Durant tout le repas, Xavier avait tant vanté la cuisine de sa mère, dont il avait tout appris ! Il attendait ce dessert comme un enfant se languit de Noël. Ce moment avait déjà été fantasmé mille fois auparavant, même si, dans l’imagination de Xavier, les partenaires avaient pu varier. Il s’était joué en boucle tous les compliments possibles sur les délicieux arômes qui meublaient le studio, s’était nourri des mille formes de désir à lire dans les yeux de sa promise. Il s’était figuré ouvrant le bocal à la seule force de son poignet pour en tartiner deux crêpes et plus si affinités, tandis que face à lui, sa dulcinée fermait les paupières pour mieux se délecter. Il avait rêvé qu’au terme du repas, cette confiture scelle l’union d’un couple capable d’apprécier ensemble les plaisirs les plus simples. Oui, Xavier avait tant aspiré à cette scène qu’il l’avait idéalisée, érigée en symbole d’une perfection nécessaire à l’éclosion de l’amour. En conséquence, au plus infime écueil, cette vision avait volé en éclat comme un ballon de baudruche sous une pointe d’aiguille.
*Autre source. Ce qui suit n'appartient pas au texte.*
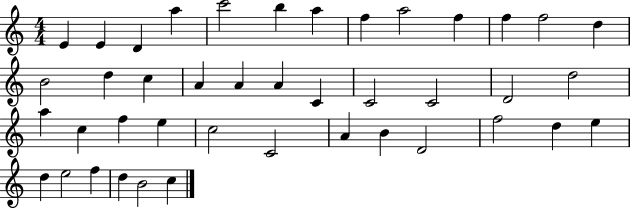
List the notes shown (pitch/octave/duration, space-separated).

E4/q E4/q D4/q A5/q C6/h B5/q A5/q F5/q A5/h F5/q F5/q F5/h D5/q B4/h D5/q C5/q A4/q A4/q A4/q C4/q C4/h C4/h D4/h D5/h A5/q C5/q F5/q E5/q C5/h C4/h A4/q B4/q D4/h F5/h D5/q E5/q D5/q E5/h F5/q D5/q B4/h C5/q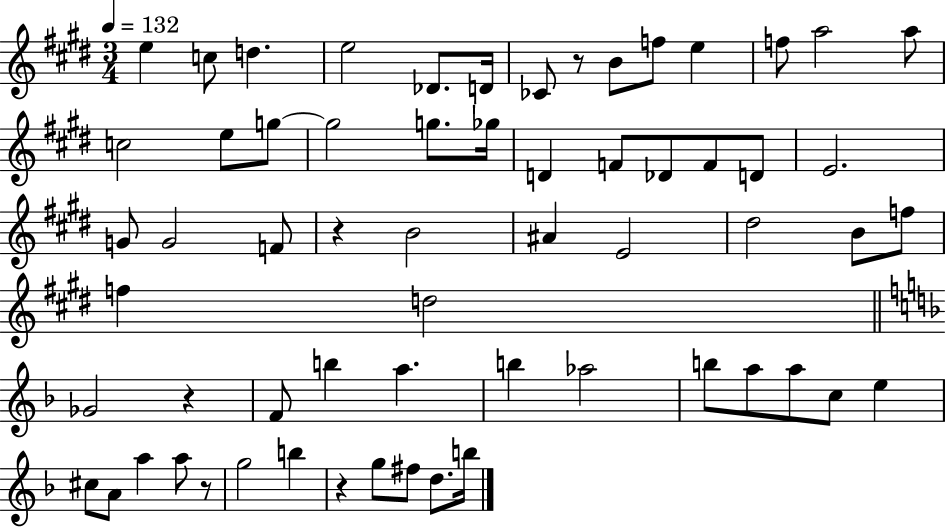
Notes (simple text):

E5/q C5/e D5/q. E5/h Db4/e. D4/s CES4/e R/e B4/e F5/e E5/q F5/e A5/h A5/e C5/h E5/e G5/e G5/h G5/e. Gb5/s D4/q F4/e Db4/e F4/e D4/e E4/h. G4/e G4/h F4/e R/q B4/h A#4/q E4/h D#5/h B4/e F5/e F5/q D5/h Gb4/h R/q F4/e B5/q A5/q. B5/q Ab5/h B5/e A5/e A5/e C5/e E5/q C#5/e A4/e A5/q A5/e R/e G5/h B5/q R/q G5/e F#5/e D5/e. B5/s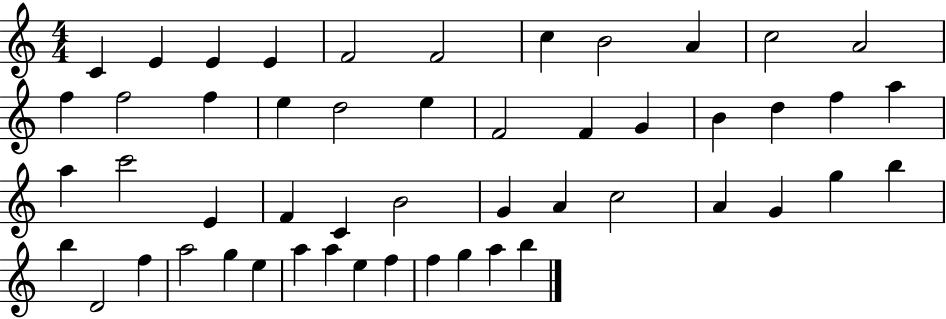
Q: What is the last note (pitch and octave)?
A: B5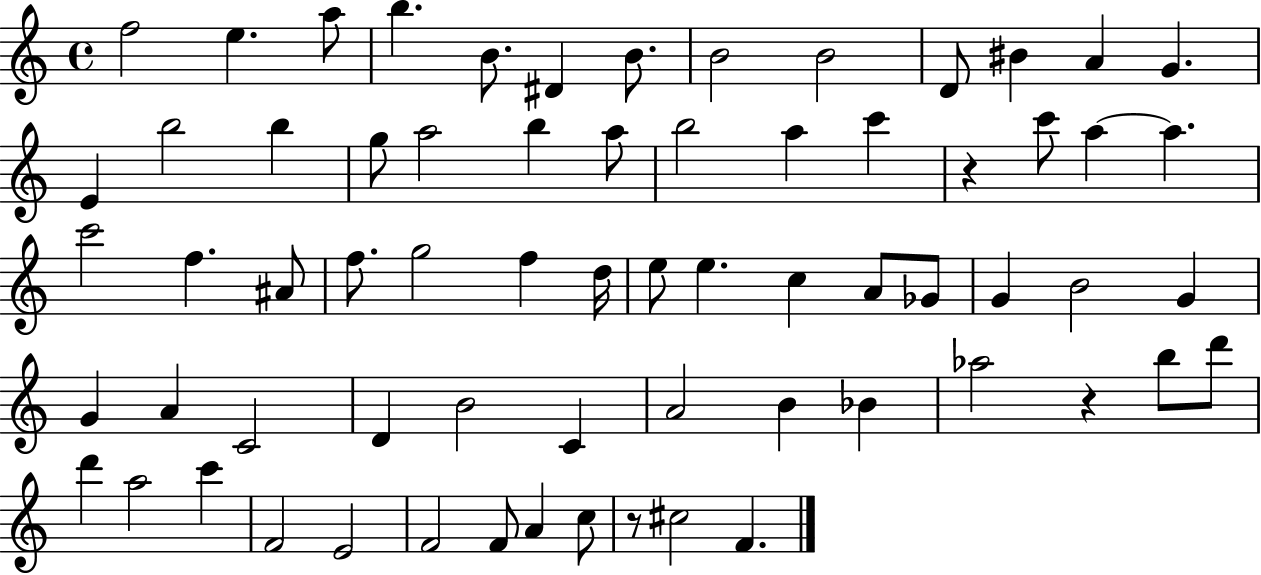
X:1
T:Untitled
M:4/4
L:1/4
K:C
f2 e a/2 b B/2 ^D B/2 B2 B2 D/2 ^B A G E b2 b g/2 a2 b a/2 b2 a c' z c'/2 a a c'2 f ^A/2 f/2 g2 f d/4 e/2 e c A/2 _G/2 G B2 G G A C2 D B2 C A2 B _B _a2 z b/2 d'/2 d' a2 c' F2 E2 F2 F/2 A c/2 z/2 ^c2 F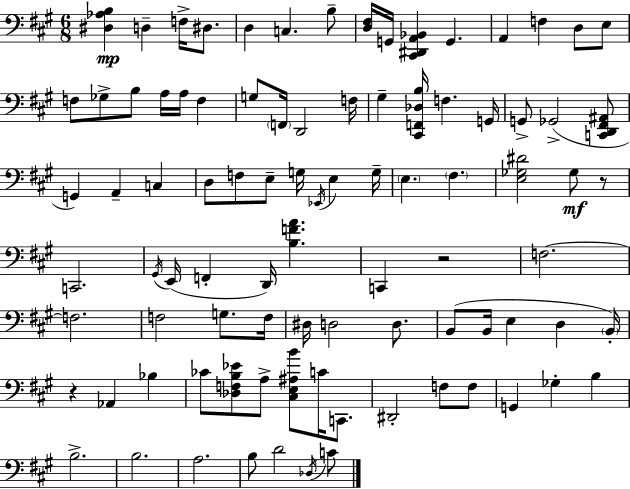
[D#3,Ab3,B3]/q D3/q F3/s D#3/e. D3/q C3/q. B3/e [D3,F#3]/s G2/s [C#2,D#2,A2,Bb2]/q G2/q. A2/q F3/q D3/e E3/e F3/e Gb3/e B3/e A3/s A3/s F3/q G3/e F2/s D2/h F3/s G#3/q [C#2,F2,Db3,B3]/s F3/q. G2/s G2/e Gb2/h [C2,D2,F#2,A#2]/e G2/q A2/q C3/q D3/e F3/e E3/e G3/s Eb2/s E3/q G3/s E3/q. F#3/q. [E3,Gb3,D#4]/h Gb3/e R/e C2/h. G#2/s E2/s F2/q D2/s [B3,F4,A4]/q. C2/q R/h F3/h. F3/h. F3/h G3/e. F3/s D#3/s D3/h D3/e. B2/e B2/s E3/q D3/q B2/s R/q Ab2/q Bb3/q CES4/e [Db3,F3,B3,Eb4]/e A3/e [C#3,E3,A#3,B4]/e C4/s C2/e. D#2/h F3/e F3/e G2/q Gb3/q B3/q B3/h. B3/h. A3/h. B3/e D4/h Db3/s C4/e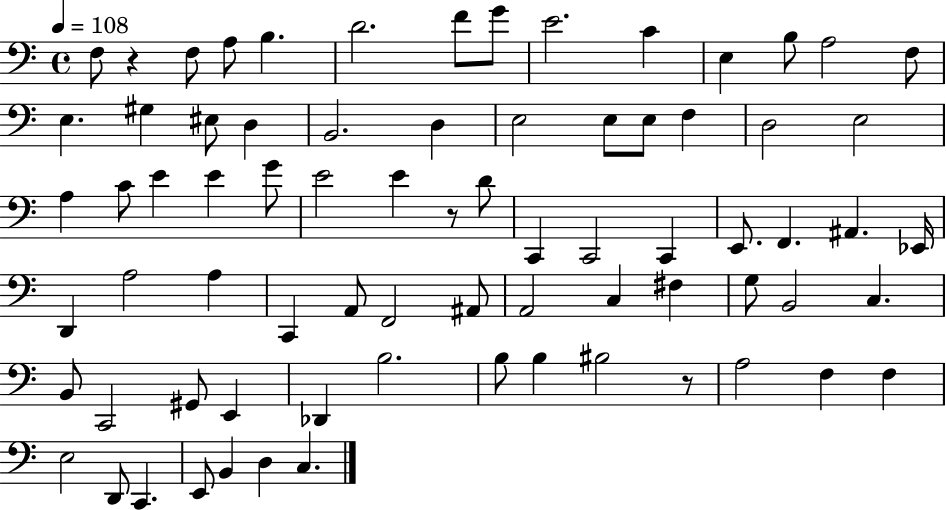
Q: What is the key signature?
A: C major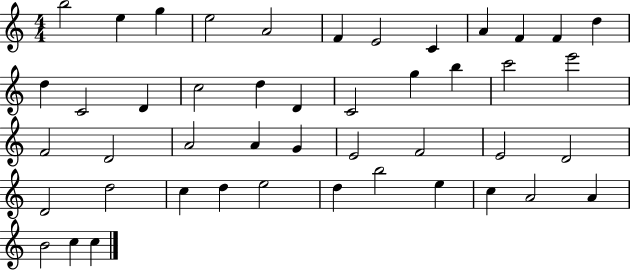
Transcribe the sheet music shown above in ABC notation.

X:1
T:Untitled
M:4/4
L:1/4
K:C
b2 e g e2 A2 F E2 C A F F d d C2 D c2 d D C2 g b c'2 e'2 F2 D2 A2 A G E2 F2 E2 D2 D2 d2 c d e2 d b2 e c A2 A B2 c c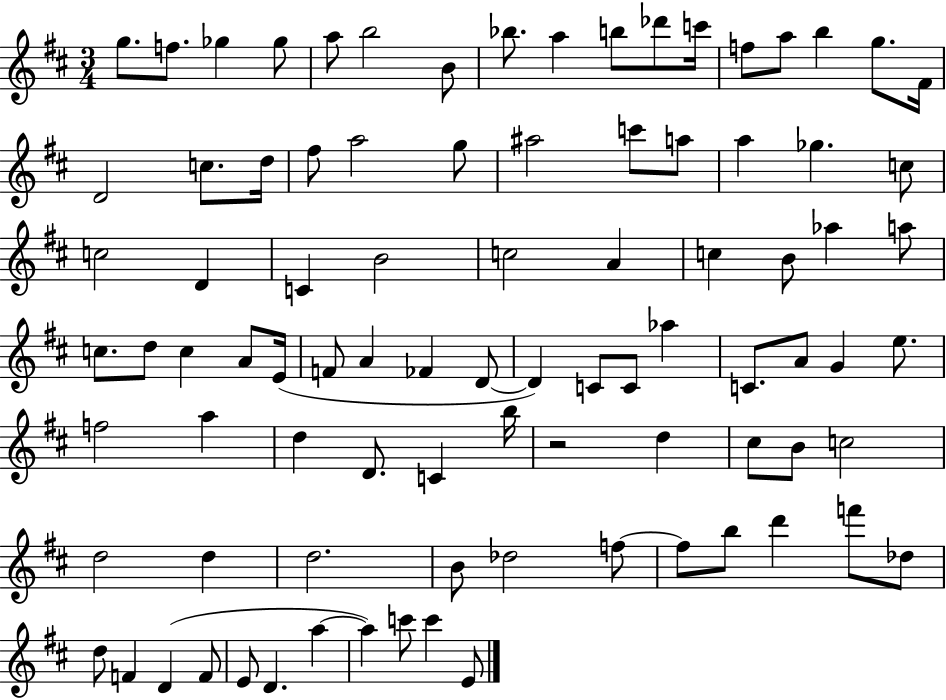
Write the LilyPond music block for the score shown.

{
  \clef treble
  \numericTimeSignature
  \time 3/4
  \key d \major
  g''8. f''8. ges''4 ges''8 | a''8 b''2 b'8 | bes''8. a''4 b''8 des'''8 c'''16 | f''8 a''8 b''4 g''8. fis'16 | \break d'2 c''8. d''16 | fis''8 a''2 g''8 | ais''2 c'''8 a''8 | a''4 ges''4. c''8 | \break c''2 d'4 | c'4 b'2 | c''2 a'4 | c''4 b'8 aes''4 a''8 | \break c''8. d''8 c''4 a'8 e'16( | f'8 a'4 fes'4 d'8~~ | d'4) c'8 c'8 aes''4 | c'8. a'8 g'4 e''8. | \break f''2 a''4 | d''4 d'8. c'4 b''16 | r2 d''4 | cis''8 b'8 c''2 | \break d''2 d''4 | d''2. | b'8 des''2 f''8~~ | f''8 b''8 d'''4 f'''8 des''8 | \break d''8 f'4 d'4( f'8 | e'8 d'4. a''4~~ | a''4) c'''8 c'''4 e'8 | \bar "|."
}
L’écueil était venu du bocal de confiture. Les yeux d’Audrey, encore débordant de sa naïve fierté d’avoir ouvert le pot, se sont accrochés sur la couche blanchâtre qui recouvrait le précieux trésor. Aucune explication n’aurait pu tempérer cette première impression déjà ancrée, pas même un rappel de la sagesse maternelle arguant qu’une telle pellicule protégeait les arômes des effets du temps. Xavier jeta deux cuillérées de moisissure puis engloutit une bouchée de confiture : cela ne trompa même pas ses papilles, qui trouvèrent la saveur altérée par l’instant de dégoût décelé sur le visage d’Audrey. Le délice rose s'avérait pourtant plus exquis que jamais ; il termina à la poubelle, couvert d’éclats de rire dédramatisants. La couche de moisissure n’avait pas seulement protégé la confiture, elle avait surtout matérialisé l’écart entre les attentes idéalisées de Xavier et une réalité par essence imparfaite.
Le couple dura néanmoins plus de cinq ans. Tout laissait croire qu’ils étaient faits l’un pour l’autre, capables de vieillir ensemble ; même la mère de Xavier en fut vite convaincue. Mais cet épisode inaugural avait apposé une microscopique barrière entre les tourtereaux, les empêchant de se lier pleinement : Xavier n’avait jamais su jouir de tous les riens de leur quotidien, de chaque fierté partagée, de chaque aide reçue ou apportée, car ses émotions lui ressassaient sans cesse le souvenir de cette perfection promise qu’un infime défaut avait défiguré.
— Je n’ai pas de nouvelles, non, répond Xavier sans oser regarder sa mère ni l’intérieur du bocal.